The world’s largest antitrust fine in history could land on Apple’s App Store business. The number is Apple’s own. The company calculated it — then refused to give the CCI the data needed to actually impose it.

The Competition Commission of India holds its final hearing today in a case that began with a 2021 complaint from Indian developers. The allegation: Apple forces every app on every iPhone in India to route payments through its proprietary system, then takes a 15-30% cut. The CCI’s investigators agreed back in July 2024. What’s been happening since is a slow-motion fight over how much Apple has to pay.

Why the CCI’s App Store Case Carries a $38 Billion Price Tag

India amended its Competition Act in 2024 to let the CCI calculate penalties on a company’s global turnover — not just Indian revenue. Apple ran the math on its own FY22, FY23, and FY24 worldwide books and disclosed the maximum exposure in a court filing: roughly ₹3.48 lakh crore. The CCI never named that figure. Apple did.

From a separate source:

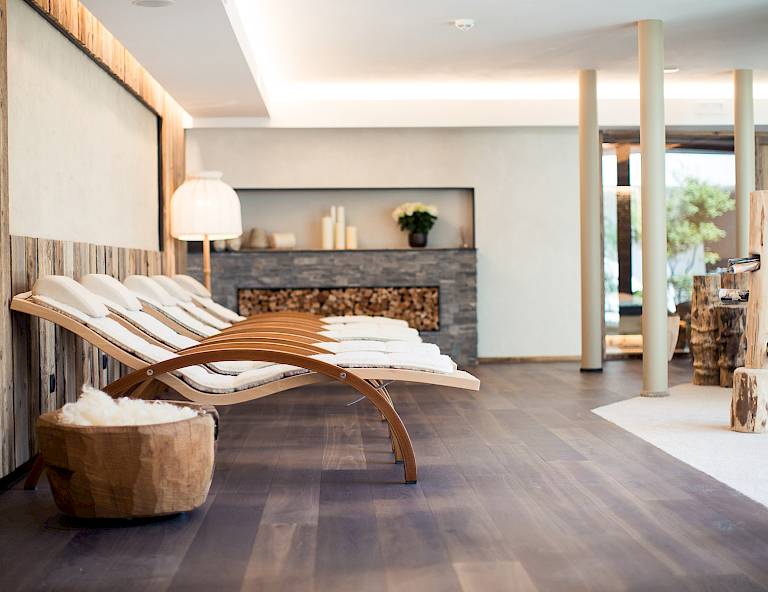Lounge benessere moderna con eleganti lettini in legno e illuminazione suggestiva. Invitante e tranquillo.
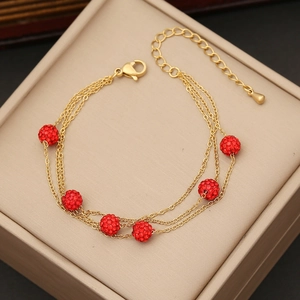 Bracciale a tre strati in acciaio dorato con sei sfere di strass rossi lucidi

Then Apple stopped cooperating. It hasn’t submitted financial data or even its formal views since October 2024. The Apple that refuses to hand over financials to the CCI is the same Apple that recently won a different fight in India — Apple pushed back against an Indian government mandate to pre-install Aadhaar. Apple has form when it comes to resisting Indian regulators. In November 2025, it challenged the global-turnover rule as unconstitutional in the Delhi High Court — a parallel case meant to gut the penalty framework before the penalty arrives.

What the Delhi High Court Did Three Days Ago

On May 17-18, the court issued a split order that nobody fully won. Apple was told to “fully cooperate” and hand over the financials within two months. The CCI was told it cannot issue a final ruling before July 15. Today’s hearing happens, but the verdict it was meant to produce is now eight weeks away — at the earliest.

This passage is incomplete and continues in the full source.